Batch functionality is done by FactoryTalk Batch v13 with material manager and eProcedures to incorporate manual processes into batch records. The ability to do medium-fidelity simulation was added using Mynah Technologies MIMIC software, FactoryTalk Historian eliminates CSV files, and it runs on VMWare ESXi servers.
The system includes a 60-unit license (using about 40 with room for expansion) and handles more than 200 phases (many used on several units, such as headers), more than 225 unique final recipes, and approximately 175 raw materials.
Before going live, Stone worked through simulations off-line at its St. Louis facility with a group of employees from the Campari plant.
Highly visible implementation
The facility can move the contents of any tank to any other tank, and tracks movements using bidirectional communications with SAP in real time.
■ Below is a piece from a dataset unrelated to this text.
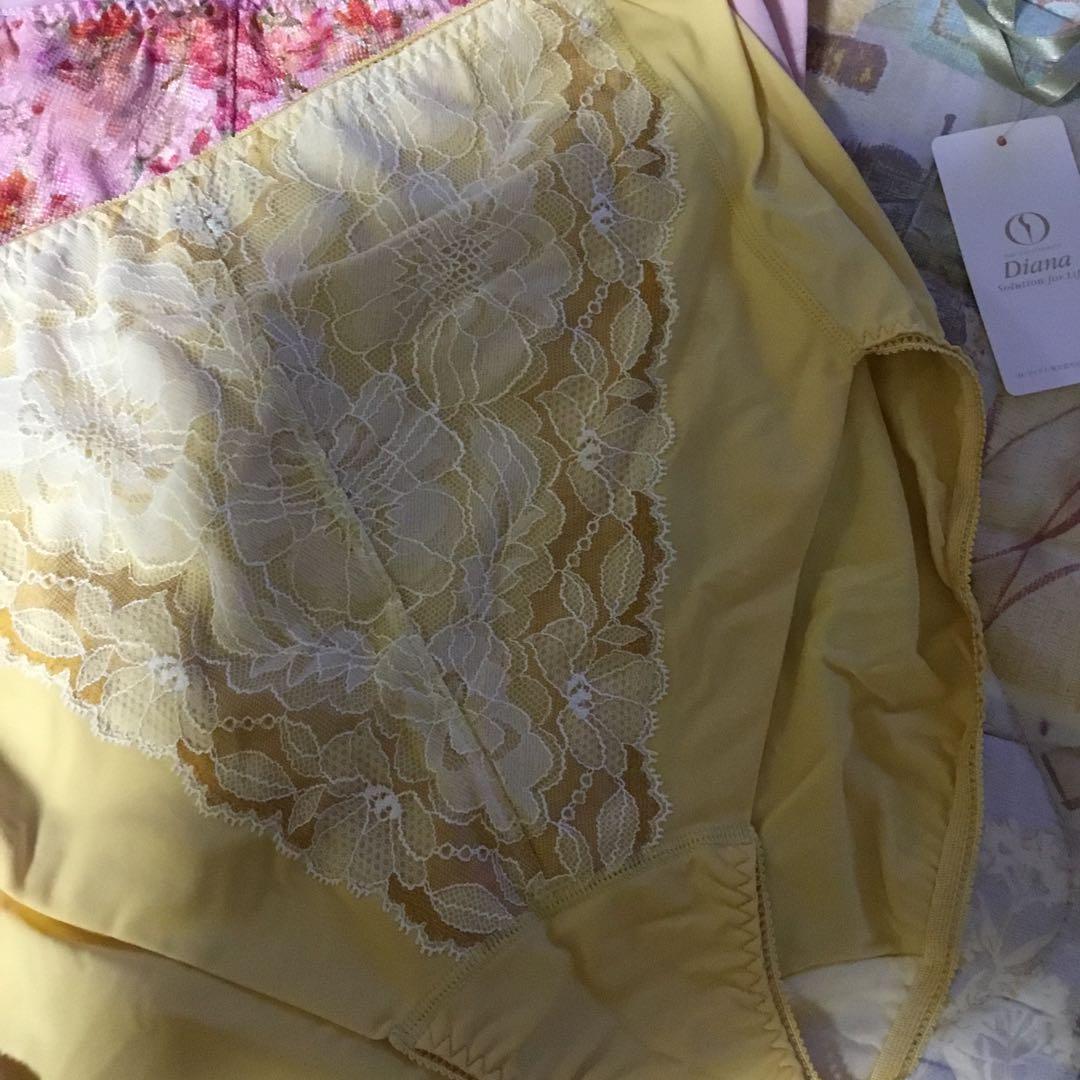 三色ショーツ　ポーチ付き　サイズＥQ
Data is distributed to teams around the world, so the project had high visibility corporate-wide. The facility runs 24/7 and is tank-constrained, so installation had to be done in a way that minimized time and disruption.
Cutover was done over a weekend. “The old system was shutdown on Friday, the first tank was brought up on the new system on Saturday morning, and the plant was running on the new system Monday,” White said.
“Campari understood batch, and their process,” Williams said. “They had full support of their company to get done as quickly as possible. It helped that they kept the base code of PlantPAx, and FactoryTalk View SE.”
Before, “We didn’t have the ability to report work in process,” White said. “Now we can. We can track and release bottling supplies, we can tell who pushed what buttons, and when. Any time you can take out some of the human interaction, there’s less risk of error. We added error-checking and prompts for values out of the expected range.
“It took some time to convince operators to keep their hands off it, to watch what it’s doing but allow the control system to do it. Now operators can stay within the constraints of the batch system for all materials and equipment movements.”